The takeaway: prefer the smallest setup that fits. Quantizing a 70B model to run on one 80GB GPU usually beats running it in FP16 across two.
The bottom line
Start with the rule — ~2GB per 1B parameters at FP16 for inference — then adjust for precision and overhead. A 70B model needs 140GB at FP16 but only ~35GB at 4-bit, so quantization is your main lever for fitting big models on affordable hardware. Size the GPU to the model, not the other way around, and avoid overprovisioning: many workloads that teams default to running on H100 clusters fit comfortably on a single quantized card.
FAQs
How much VRAM do I need for a 7B model? About 14GB at FP16 (weights only), or ~7GB at INT8 and ~3.5GB at INT4. A single RTX 4090 (24GB) runs a 7B model comfortably at FP16 with room for context.

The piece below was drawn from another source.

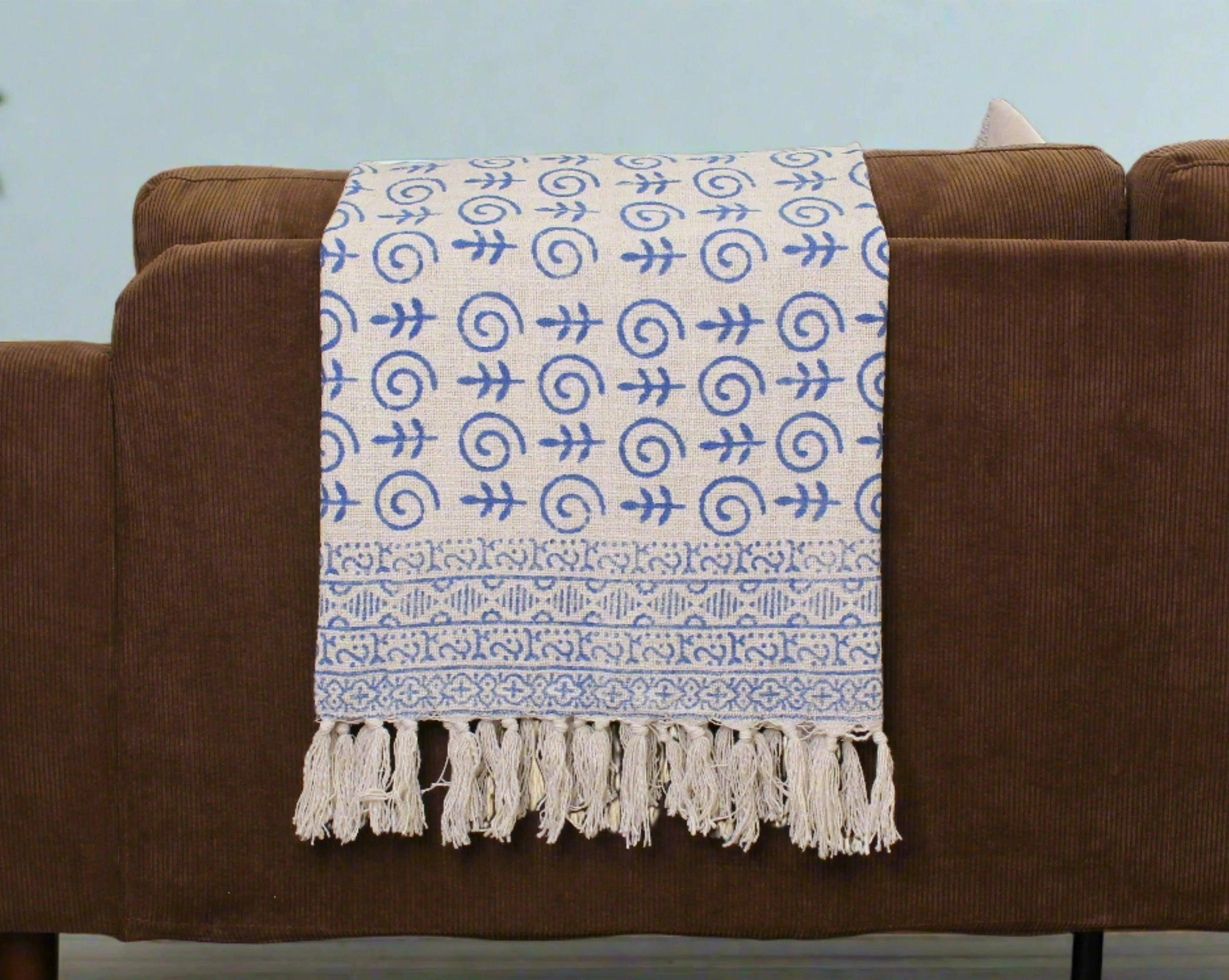 Indigo Fishy Block Print Throw Blanket Hand Block Printed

Can I run a 70B model on one GPU? Yes, if you quantize it. At 4-bit a 70B model needs ~35GB, which fits on an 80GB A100/H100. In full FP16 it needs ~140GB and requires multiple GPUs or a high-memory card like the H200/B200.
Does quantization hurt model quality? INT8 has minimal impact on most models. INT4 introduces a modest quality trade-off that’s acceptable for many tasks but worth testing on complex reasoning or long-form generation. The VRAM savings (2–4x) usually outweigh the cost.
How much more VRAM does training need versus inference? Full training typically needs 1.5–4x more — roughly 16–20GB per 1B parameters with an Adam optimizer, versus ~2GB per 1B for FP16 inference. Parameter-efficient methods like QLoRA cut this dramatically.